Jeanette Dickson: combative chair of the royal medical colleges

The ‘sweary Glaswegian’ who leads the UK’s medical professionals has blasted big tech, comparing the childhood dangers of social media use to smoking

Illustration by Andy Bunday

If any executives from Meta, Alphabet or TikTok owner ByteDance are hoping to do some offence archaeology on Jeanette Dickson, they won’t find many lolz. Scrolling through the social media feeds of the chair of the Academy of Medical Royal Colleges (AoMRC) reveals a woman whom digital marketers would call an “amplifier”, reposting other comments rather than being an abusive “reply guy” or indiscreet wannabe influencer. Think updates on oncology exams and NHS workforce issues rather than 6-7 memes, Saturday Night Live reels or Where Is My Husband! Raye lip-syncs.

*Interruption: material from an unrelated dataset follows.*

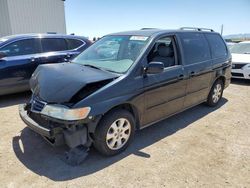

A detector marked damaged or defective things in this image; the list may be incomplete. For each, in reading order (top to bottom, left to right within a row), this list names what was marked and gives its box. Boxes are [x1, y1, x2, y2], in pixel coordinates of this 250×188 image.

crumpled hood [29, 62, 117, 103]
damaged front bumper [19, 103, 100, 148]
broken headlight [41, 104, 91, 120]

Not that Britain’s most senior doctor outside of Whitehall is in an ivory tower, unaware of modern digital life. When Dickson parked the tanks of the UK medical professions on big tech’s lawn last week, warning that doctors believe children’s “unfettered exposure to tech” is a danger akin to smoking, she did so from the perspective of someone who has almost 6,400 posts on X.

A few of them hint at the personality of this “sweary Glaswegian”, as colleagues describe her. During the Brexit wars in 2018, when Dickson was taking her first steps on the national stage, she encountered some protesters outside parliament, alongside police, journalists and “a lone man with a megaphone”.

“Megaphone man was protesting about parliament’s destruction of Christianity,” she posted. “I felt he was not fully up to speed on current events.”

For others not up to speed on current events, ministers are considering whether or not to follow Australia’s decision to ban social media for children under 16, restrict access to AI chatbots, or disable features such as infinite scroll and autoplay for videos. The government’s consultation, which closed last Tuesday, received more than 80,000 submissions, and the AoMRC’s was arguably the most significant. As the collective voice of the UK and Ireland’s medical royal colleges and faculties, the 22 professional bodies that represent GPs, surgeons, psychiatrists, A&E consultants, intensive care specialists and sundry other clinicians, it speaks for about 220,000 doctors. Nearly all of them.

The colleges often disagree, which means it is rare for the academy to speak up. Last year, Dickson criticised Aseem Malhotra, a British cardiologist who was appointed as an adviser to the US health secretary, Robert F Kennedy Jr, after he used a speech at Reform UK’s annual conference to link Covid vaccines to the cancer diagnoses of King Charles and Catherine, Princess of Wales. “We all know this is how conspiracy theories begin, with anti-vaccine rhetoric,” she said at the time. Then, in December, she blamed the government for contributing to anti-migrant rhetoric, linking it to news that foreign-born doctors were leaving the NHS in record numbers.

But last week’s announcement that – although science has not yet proved it – there is an “overwhelming consensus” among doctors of the harms of tech and social media, was of a different order, and an extraordinary feat of cat-herding. How did Dickson manage it?

‘She’s really very good at listening, and I think a lot of that comes from being an oncologist’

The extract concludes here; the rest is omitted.